Now the question is how to handle such large image sizes where there
is no privileges of downsampling
I assume that by downsampling you mean scaling down the input before passing it into CNN. Convolutional layer allows to downsample the image within a network, by picking a large stride, which is going to save resources for the next layers. In fact, that's what it has to do, otherwise your model won't fit in GPU.
1) Are there any techniques to handle such large images which are to
Commonly researches scale the images to a resonable size. But if that's not an option for you, you'll need to restrict your CNN. In addition to downsampling in early layers, I would recommend you to get rid of FC layer (which normally takes most of parameters) in favor of convolutional layer. Also you will have to stream your data in each epoch, because it won't fit into your GPU.
Note that none of this will prevent heavy computational load in the early layers, exactly because the input is so large: convolution is an expensive operation and the first layers will perform a lot of them in each forward and backward pass. In short, training will be slow.

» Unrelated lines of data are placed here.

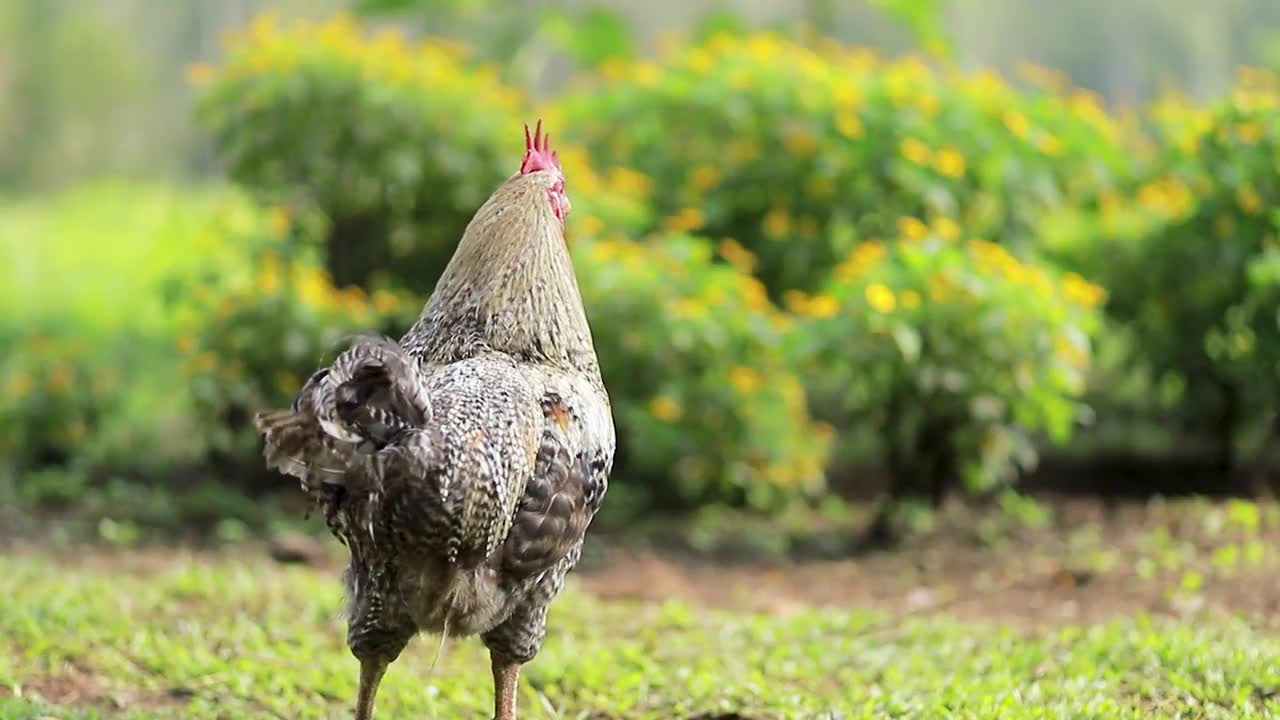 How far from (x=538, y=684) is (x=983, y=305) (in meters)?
3.05

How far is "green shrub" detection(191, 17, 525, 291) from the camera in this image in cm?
800

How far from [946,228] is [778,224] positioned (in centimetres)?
126

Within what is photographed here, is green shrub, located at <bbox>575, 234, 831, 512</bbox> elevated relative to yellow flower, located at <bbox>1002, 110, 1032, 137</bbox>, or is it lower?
lower

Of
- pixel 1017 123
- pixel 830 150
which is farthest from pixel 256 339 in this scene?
pixel 1017 123

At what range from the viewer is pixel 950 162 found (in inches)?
308

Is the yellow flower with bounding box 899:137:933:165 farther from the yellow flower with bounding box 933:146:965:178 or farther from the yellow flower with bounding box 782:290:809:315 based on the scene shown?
the yellow flower with bounding box 782:290:809:315

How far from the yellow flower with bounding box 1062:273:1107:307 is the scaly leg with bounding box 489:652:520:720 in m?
4.13

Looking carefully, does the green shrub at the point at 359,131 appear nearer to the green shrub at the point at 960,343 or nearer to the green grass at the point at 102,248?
the green grass at the point at 102,248

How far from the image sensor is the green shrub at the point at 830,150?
805 cm

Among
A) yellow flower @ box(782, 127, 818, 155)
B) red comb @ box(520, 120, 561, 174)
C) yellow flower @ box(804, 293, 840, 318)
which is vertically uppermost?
yellow flower @ box(782, 127, 818, 155)

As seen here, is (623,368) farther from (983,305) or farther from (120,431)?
(120,431)

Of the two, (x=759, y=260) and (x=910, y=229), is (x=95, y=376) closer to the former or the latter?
(x=759, y=260)

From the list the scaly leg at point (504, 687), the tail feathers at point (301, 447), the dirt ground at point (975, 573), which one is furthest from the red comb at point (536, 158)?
the dirt ground at point (975, 573)

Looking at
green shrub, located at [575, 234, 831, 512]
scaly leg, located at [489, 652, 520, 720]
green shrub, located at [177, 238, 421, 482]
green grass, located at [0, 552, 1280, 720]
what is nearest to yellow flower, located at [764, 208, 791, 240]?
green shrub, located at [575, 234, 831, 512] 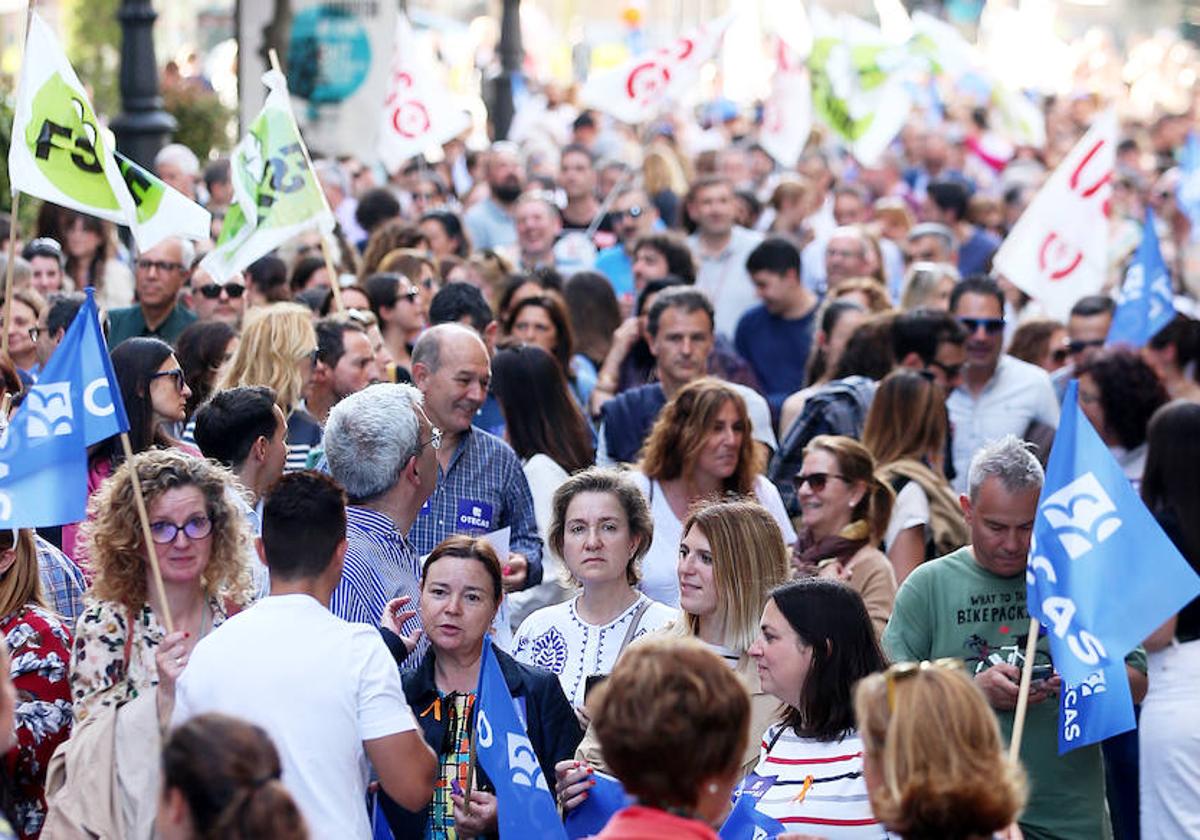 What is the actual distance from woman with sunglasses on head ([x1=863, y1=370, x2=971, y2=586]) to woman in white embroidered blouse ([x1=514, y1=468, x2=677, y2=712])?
1.30 meters

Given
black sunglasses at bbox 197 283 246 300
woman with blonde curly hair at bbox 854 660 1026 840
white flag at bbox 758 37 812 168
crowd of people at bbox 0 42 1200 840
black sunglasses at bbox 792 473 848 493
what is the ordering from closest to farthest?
woman with blonde curly hair at bbox 854 660 1026 840, crowd of people at bbox 0 42 1200 840, black sunglasses at bbox 792 473 848 493, black sunglasses at bbox 197 283 246 300, white flag at bbox 758 37 812 168

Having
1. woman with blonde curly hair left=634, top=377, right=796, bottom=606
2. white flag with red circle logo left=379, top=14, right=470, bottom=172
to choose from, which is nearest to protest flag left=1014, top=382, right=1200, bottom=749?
woman with blonde curly hair left=634, top=377, right=796, bottom=606

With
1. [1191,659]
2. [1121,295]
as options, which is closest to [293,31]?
[1121,295]

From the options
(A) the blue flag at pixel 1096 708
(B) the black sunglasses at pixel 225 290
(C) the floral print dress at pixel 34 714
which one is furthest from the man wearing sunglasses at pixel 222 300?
(A) the blue flag at pixel 1096 708

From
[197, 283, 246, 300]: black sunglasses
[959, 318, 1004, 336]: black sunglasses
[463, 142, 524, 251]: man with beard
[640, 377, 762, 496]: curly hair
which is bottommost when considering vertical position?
[640, 377, 762, 496]: curly hair

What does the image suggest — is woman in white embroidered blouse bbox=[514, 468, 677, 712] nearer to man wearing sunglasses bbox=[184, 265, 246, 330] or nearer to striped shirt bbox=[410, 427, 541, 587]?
striped shirt bbox=[410, 427, 541, 587]

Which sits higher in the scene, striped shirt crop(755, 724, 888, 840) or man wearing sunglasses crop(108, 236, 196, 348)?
man wearing sunglasses crop(108, 236, 196, 348)

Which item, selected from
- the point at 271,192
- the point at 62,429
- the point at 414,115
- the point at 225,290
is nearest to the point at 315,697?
the point at 62,429

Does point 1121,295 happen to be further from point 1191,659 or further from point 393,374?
point 1191,659

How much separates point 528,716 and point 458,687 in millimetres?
218

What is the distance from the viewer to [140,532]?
5164 mm

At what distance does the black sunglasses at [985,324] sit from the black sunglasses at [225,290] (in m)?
3.46

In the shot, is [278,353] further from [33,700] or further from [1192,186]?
[1192,186]

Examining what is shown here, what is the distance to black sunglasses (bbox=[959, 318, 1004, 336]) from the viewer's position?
968 cm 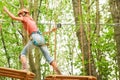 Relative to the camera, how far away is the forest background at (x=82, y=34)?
806 cm

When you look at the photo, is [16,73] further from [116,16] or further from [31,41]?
[116,16]

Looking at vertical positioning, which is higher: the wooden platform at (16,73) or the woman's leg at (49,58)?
the woman's leg at (49,58)

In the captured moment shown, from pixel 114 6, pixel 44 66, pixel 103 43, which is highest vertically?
pixel 114 6

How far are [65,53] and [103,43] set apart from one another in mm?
10236

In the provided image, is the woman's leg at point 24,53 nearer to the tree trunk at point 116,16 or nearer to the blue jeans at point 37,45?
the blue jeans at point 37,45

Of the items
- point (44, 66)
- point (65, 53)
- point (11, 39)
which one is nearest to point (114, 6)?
point (11, 39)

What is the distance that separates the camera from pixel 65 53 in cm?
2233

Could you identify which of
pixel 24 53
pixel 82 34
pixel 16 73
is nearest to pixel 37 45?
pixel 24 53

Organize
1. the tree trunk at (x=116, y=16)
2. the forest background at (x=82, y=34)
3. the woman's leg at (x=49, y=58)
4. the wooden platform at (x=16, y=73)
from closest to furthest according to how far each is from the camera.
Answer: the wooden platform at (x=16, y=73) → the woman's leg at (x=49, y=58) → the tree trunk at (x=116, y=16) → the forest background at (x=82, y=34)

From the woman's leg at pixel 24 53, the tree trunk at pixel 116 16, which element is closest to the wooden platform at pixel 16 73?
the woman's leg at pixel 24 53

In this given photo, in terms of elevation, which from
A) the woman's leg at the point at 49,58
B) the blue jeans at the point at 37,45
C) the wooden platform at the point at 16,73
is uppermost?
the blue jeans at the point at 37,45

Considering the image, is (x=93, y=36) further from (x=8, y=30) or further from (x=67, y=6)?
(x=67, y=6)

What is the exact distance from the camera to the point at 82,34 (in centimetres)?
863

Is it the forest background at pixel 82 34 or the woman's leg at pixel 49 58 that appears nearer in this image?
the woman's leg at pixel 49 58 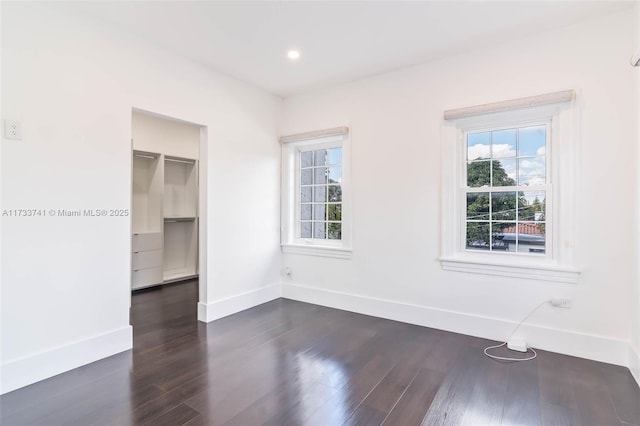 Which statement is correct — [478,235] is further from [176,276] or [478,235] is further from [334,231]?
[176,276]

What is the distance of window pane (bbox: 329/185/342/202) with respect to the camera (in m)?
4.21

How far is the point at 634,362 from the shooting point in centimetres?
236

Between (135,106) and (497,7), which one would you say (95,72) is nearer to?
(135,106)

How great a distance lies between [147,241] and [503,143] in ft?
16.1

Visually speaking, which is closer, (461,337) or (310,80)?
(461,337)

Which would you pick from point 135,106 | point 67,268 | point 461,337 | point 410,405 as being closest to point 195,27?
point 135,106

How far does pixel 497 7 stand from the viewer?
8.21 ft

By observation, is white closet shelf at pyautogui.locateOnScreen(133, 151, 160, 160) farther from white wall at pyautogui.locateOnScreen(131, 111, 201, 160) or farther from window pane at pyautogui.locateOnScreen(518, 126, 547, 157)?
window pane at pyautogui.locateOnScreen(518, 126, 547, 157)

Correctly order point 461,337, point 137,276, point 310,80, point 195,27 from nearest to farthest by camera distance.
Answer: point 195,27 → point 461,337 → point 310,80 → point 137,276

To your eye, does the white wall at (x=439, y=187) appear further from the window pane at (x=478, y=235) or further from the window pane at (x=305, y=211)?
the window pane at (x=305, y=211)

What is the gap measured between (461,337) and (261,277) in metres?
2.43

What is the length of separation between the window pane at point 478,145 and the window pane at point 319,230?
1.98 m

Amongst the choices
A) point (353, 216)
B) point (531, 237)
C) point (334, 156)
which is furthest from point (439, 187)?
point (334, 156)

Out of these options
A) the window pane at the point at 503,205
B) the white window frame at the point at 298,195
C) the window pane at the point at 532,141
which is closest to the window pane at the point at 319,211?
the white window frame at the point at 298,195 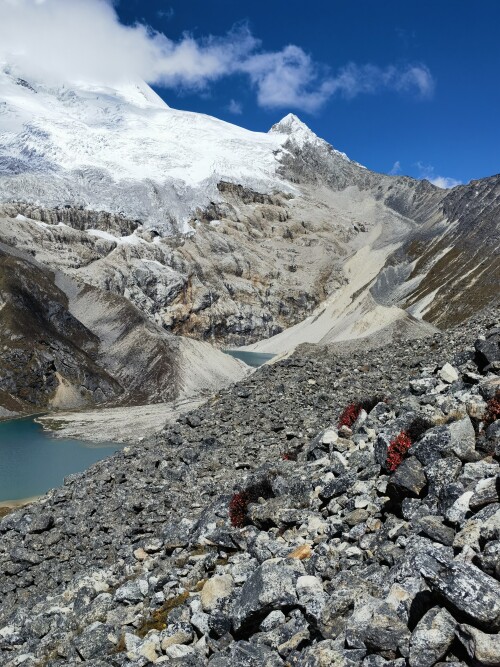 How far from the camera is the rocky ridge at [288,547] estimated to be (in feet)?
19.1

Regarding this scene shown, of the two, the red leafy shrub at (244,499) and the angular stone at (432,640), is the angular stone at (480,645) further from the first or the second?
the red leafy shrub at (244,499)

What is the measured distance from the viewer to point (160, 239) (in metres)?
182

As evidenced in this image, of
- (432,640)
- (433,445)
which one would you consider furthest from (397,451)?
(432,640)

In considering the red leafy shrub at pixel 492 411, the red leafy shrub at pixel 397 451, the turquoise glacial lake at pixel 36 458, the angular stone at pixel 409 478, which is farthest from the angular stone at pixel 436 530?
Answer: the turquoise glacial lake at pixel 36 458

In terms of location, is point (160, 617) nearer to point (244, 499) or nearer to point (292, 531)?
point (292, 531)

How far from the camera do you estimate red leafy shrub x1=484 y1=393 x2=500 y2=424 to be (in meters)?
8.96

2) What batch size is reasonable to use ?
Here's another problem. A single image takes
2400x2400x3x4 (3 channels and 4 bytes per pixel) which is ~70Mb, so you can hardly afford even a batch size 10. More realistically would be 5. Note that most of the memory will be taken by CNN parameters. I think in this case it makes sense reduce the size by using 16-bit values rather than 32-bit - this way you'll be able to double the batches.
3) Is there any precautions to take or any increase and decrease in
hardware resources that I can do?
Your bottleneck is GPU memory. If you can afford another GPU, get it and split the network across them. Everything else is insignificant compared to GPU memory.